Seamos claros: no sabemos a ciencia cierta si miembros importantes del Gobierno de Trump, o incluso él mismo, son marionetas rusas. Pero hay pruebas suficientes como para tomárselo en serio; basta con pensar en el hecho de que Michael Flynn se mantuvo en el cargo de asesor de seguridad nacional varias semanas después de que los responsables del departamento de Justicia advirtiesen de su implicación, y que solo fue cesado cuando la noticia saltó a la prensa.

Y sabemos cómo resolver el resto de las dudas: investigaciones independientes llevadas a cabo por funcionarios con fuertes competencias jurídicas, aislados de la influencia política partidista.  Y aquí es donde estábamos el jueves por la tarde: 138 demócratas e independientes habían solicitado el nombramiento de un fiscal especial; solo un republicano se unió a la solicitud. Ochenta y cuatro demócratas más solicitaron una investigación independiente, a los que solo se sumaron seis republicanos. En otras palabras: a estas alturas, un partido casi al completo parece haber decidido que aceptar la posible traiciòn a cambio de sostener la cauda de la bajada de impuestos a los ricos no es un vicio. Y apenas exagero, expresa Krugman.

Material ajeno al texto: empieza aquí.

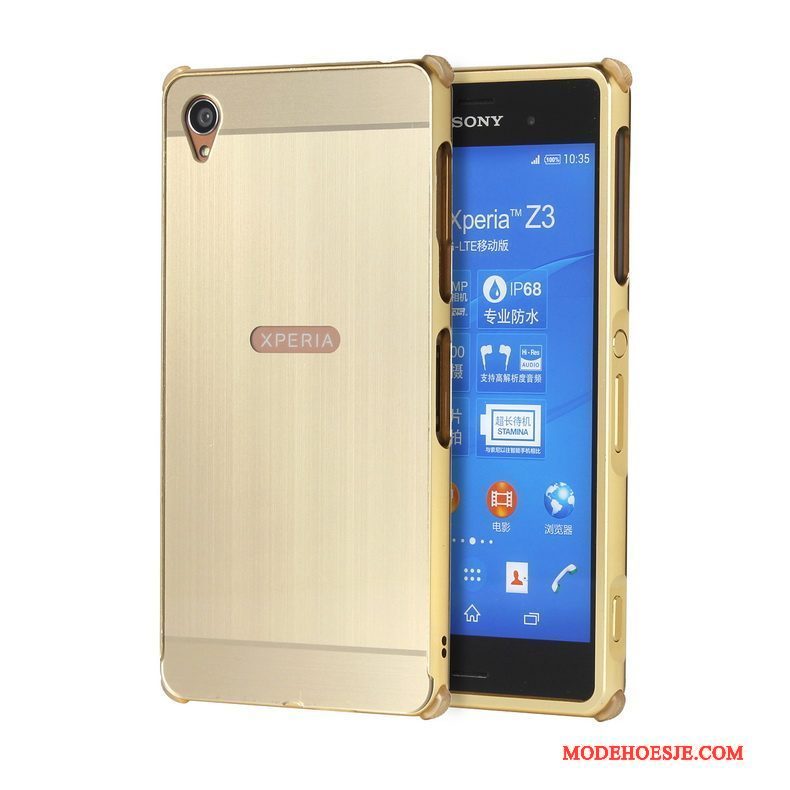 Hoesje Sony Xperia Z3+ Metaal Achterklep Anti-fall, Hoes Sony Xperia Z3+ Bescherming Goud Omlijsting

¿Y cómo es que todo un partido se ha vuelto tan antiestadounidense? Porque esta historia va mucho más allá de Trump.

En ciertos aspectos, el conservadurismo vuelve a sus raíces. Se ha hablado mucho de la recuperación por parte Trump de la expresión “Estados Unidos primero”, nombre de un movimiento que se opuso a la intervención del país en la Segunda Guerra Mundial. Lo que no se menciona a menudo es que muchos de los miembros más destacados de ese movimiento no solo eran aislacionistas, sino simpatizantes activos de los dictadores extranjeros; hay una línea más o menos recta entre el orgullo con que Charles Lindbergh exhibía la medalla que le había concedido Hermann Göring y las relaciones cordiales de Trump con Rodrigo Duterte, el presidente de Filipinas que es, literalmente, un asesino, según el economista premio Nobel.

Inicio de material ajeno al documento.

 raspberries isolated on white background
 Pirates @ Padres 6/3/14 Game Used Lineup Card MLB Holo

Pero la cuestión más próxima es la transformación del Partido Republicano, que guarda poco parecido, si es que guarda alguno, con la institución que era antes, por ejemplo, durante las vistas del Watergate en la década de 1970. En aquel entonces, los congresistas republicanos eran primero ciudadanos y después miembros de un partido. Pero hoy, el republicano se parece más a una insurgencia radical y antidemocrática que a un partido político convencional.

Los analistas políticos Thomas Mann y Norman Ornstein llevan años intentando explicar esta transformación, librando una difícil batalla contra la falsa equivalencia que aún predomina entre los expertos en política. Como señalan ambos, el partido republicano no solo se ha vuelto “extremista desde un punto de vista ideológico”, sino que “menosprecia la legitimidad de su oposición política”.

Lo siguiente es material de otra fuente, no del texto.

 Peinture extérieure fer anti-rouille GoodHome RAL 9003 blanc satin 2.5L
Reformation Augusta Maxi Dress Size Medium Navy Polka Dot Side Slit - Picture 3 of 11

De modo que sería ingenuo esperar que los republicanos unan fuerzas con los demócratas para llegar al fondo del escándalo ruso, incluso aunque ese escándalo pueda afectar a las raíces mismas de nuestra seguridad nacional. Los republicanos de hoy no cooperan con los demócratas, punto. Prefieren trabajar con Vladimir Putin.

De hecho, es probable que algunos lo hayan hecho.

«Vale, a lo mejor estoy siendo demasiado pesimista. A lo mejor hay suficientes republicanos con conciencia —o, en su defecto, suficientemente asustados por un retroceso electoral— como para que el intento de matar la investigación sobre Rusia fracase. Esperemos que sea así», apunta Krugman.

Pero va siendo hora de afrontar una terrible realidad. La mayor parte de la población se ha dado ya cuenta, creo, de que Donald Trump desprecia los valores políticos básicos de Estados Unidos. Lo que necesitamos entender es que buena parte de su partido comparte ese desprecio. concluye el economista.